Throughout the 1990s and well into the reign of Vladimir Putin, the United States and its allies went out of their way to draw Russia closer and assuage any fears its government might have had, genuine or contrived, that the Western alliance harbored aggressive designs.
… What provoked the deterioration in relations between Russia and the West, then, was neither NATO enlargement, nor American foreign policy, nor anything else that the West did, but Russian revanchism and revisionism. In 2007, Putin delivered an anti-American tirade at the Munich Security Conference, shocking attendees. Shortly thereafter, Russia launched a cyberattack on tiny Estonia, and the following year it invaded Georgia.

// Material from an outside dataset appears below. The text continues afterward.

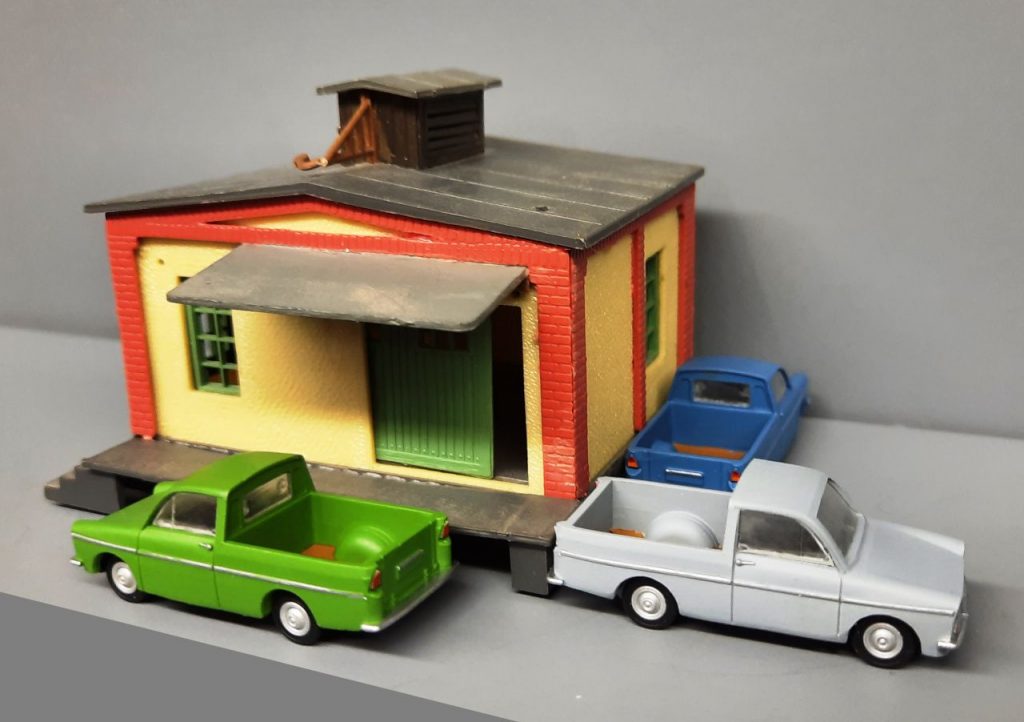 187 MCH DAF 32 Pick-Up 3 kleuren diorama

The French writer Michel Gurfunkiel identifies Putin’s four major strategic goals as reuniting “all the Russian-speaking peoples under a single nation-state,” reestablishing Russia as “the first among equals” in the “Eurasian community,” weakening Europe and the transatlantic alliance, and restoring Russia as a global power.
… Unlike post-war Germany, which made full amends for its past militarism and atrocities and committed itself to multilateralism and nonviolent approaches to resolving international conflict, Russia never went through a process of Vergangenheitsbewältigung, or “coming to terms with the past.” Perhaps this was an unavoidable consequence of the Cold War’s peaceful end — the Soviet Union, unlike the Third Reich, was not subjected to a traumatic military defeat and occupation by its adversaries. But the consequences of Russia’s not engaging in the sort of critical appraisal of its own history so admirably pursued by post-Holocaust Germany are visible all around us in the modern-day cult of Josef Stalin, the veil of silence surrounding Communist-era crimes, and the popular support among the Russian people for Putin’s military adventures abroad.

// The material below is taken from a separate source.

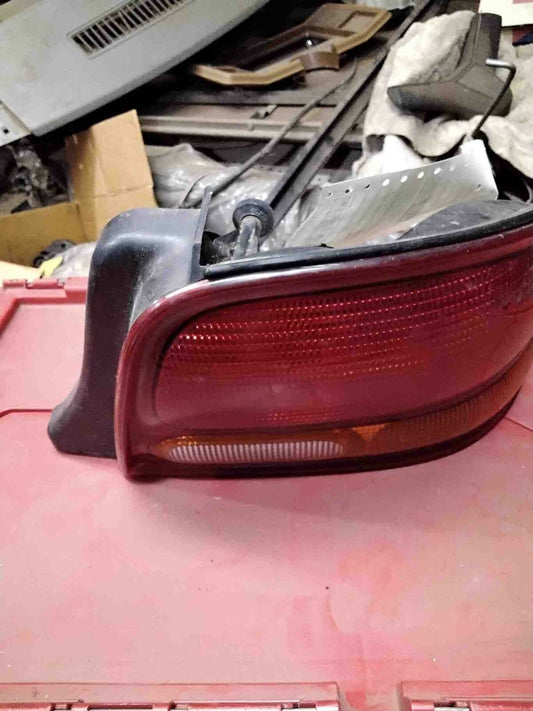 Tail Light Assembly DODGE STRATUS Right 95 96 97 98 99 00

… Deprived of the argument that it was nonexistent NATO expansion to Ukraine that “provoked” Russia to invade it, some realists cite the EU’s 2013 offer of a trade-and-aid package to Kiev as having justified the aggression. What this excuse neglects to acknowledge is Putin’s 2004 statement “If Ukraine wants to join the EU and is welcome there, we can only welcome that.” Ten years later, he waged war against the country for trying to do precisely what he had encouraged.
… German chancellor Angela Merkel was said to have remarked that Putin lives in “another world.” He does. It’s a dangerous world where might makes right, one that successive generations of Western statesmen, along with courageous Poles, Czechs, Romanians, and countless others, fought to overcome. The post–Cold War “ideas and assumptions” of America and its allies were not “triumphalist” diktats meant to humiliate or “encircle” Russia by “rubbing its nose” in defeat, but fundamental principles of sovereignty and national self-determination established to avert war on a continent repeatedly plagued by it. Far from being too “triumphalist” in its dealings with Russia, if anything, the West was not triumphalist enough.